The UK looks set to get its own version of the controversial Digital Millennium Copyright Act (DMCA), following the publication of proposals to implement the EU Copyright Directive into UK Law.
In the US, the DMCA has received widespread criticism for restrictions which, among other things, have been used to stop researchers from lecturing on anti-copying technologies and from publicising holes in those technologies. A deadline of 31 October has been set for responses to the UK consultation document; under European law, the new rules have to be incorporated in law by 22 December.
Significant changes include new legal protection for digital watermarks, copy protection systems and other technological measures used to protect copyright material online. There are also new offences aimed at combating Internet piracy. But the most contentious part of the new rules is that which mirrors the DMCA's outlawing of devices intended to circumvent anti-copying technologies, including those used in DVDs.
In May, the US hacker magazine 2600 lost its bid to appeal a ruling banning it from posting code that can be used to crack DVD copy protections. The code, called DeCSS, is a program that allows DVD movies to be decoded and played on personal computers. In particular, it means owners of DVD movies could play them on Linux-based PCs.
Under Article 6 of the Directive, the UK and other member states of the EU have an obligation to provide legal protection from the circumvention of technological measures -- such as encryption -- designed to prevent the infringement of copyright.
There is also an obligation under this article to provide protection from the manufacture and distribution of devices marketed as being primarily designed for, or offering only a limited commercially significant purpose other than, the infringement of copyrights.
The UK government says that such obligations will not be affected by responses to the discussion paper. "Respondents (should) bear in mind that this consultation is not about whether the requirements of the Directive itself are appropriate," the Patent Office said in an explanatory note. "The Directive has been agreed, is in force, and cannot be changed at this time."
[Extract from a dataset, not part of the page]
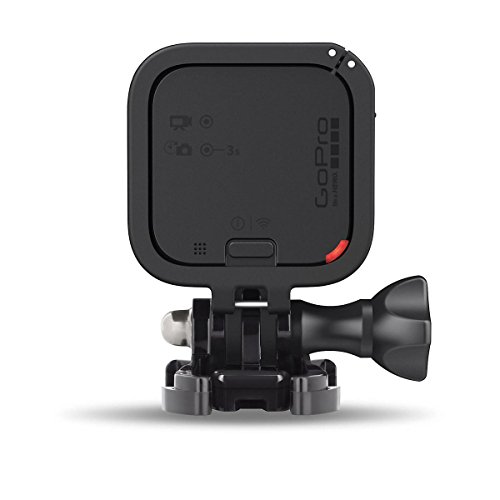 2 GoPro+CHDHS+101+Waterproof+Certified+Refurbished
But measures such as that providing protection from the manufacture and distribution of devices that can be used to circumvent copyright may be difficult to prove in practice, according to city law firm Olswang. In an advisory note on the legislation, Olswang said that anti-encryption technology, for example, might be useful for a wide variety of purposes, many of them legal. "The enforcement of the provision may be as difficult as the enforcement of a provision against the manufacture or distribution of knives, but only such knives as might be used in an assault."
The history of legal action against technology such as video tape recorders suggests that the judges will be aware of the potential overreach of any sections enacted to give effect to Article 6 and read them restrictively, Olswang added. "It is possible that such sections will be effective against only those most flagrantly promoting the infringement of intellectual property rights."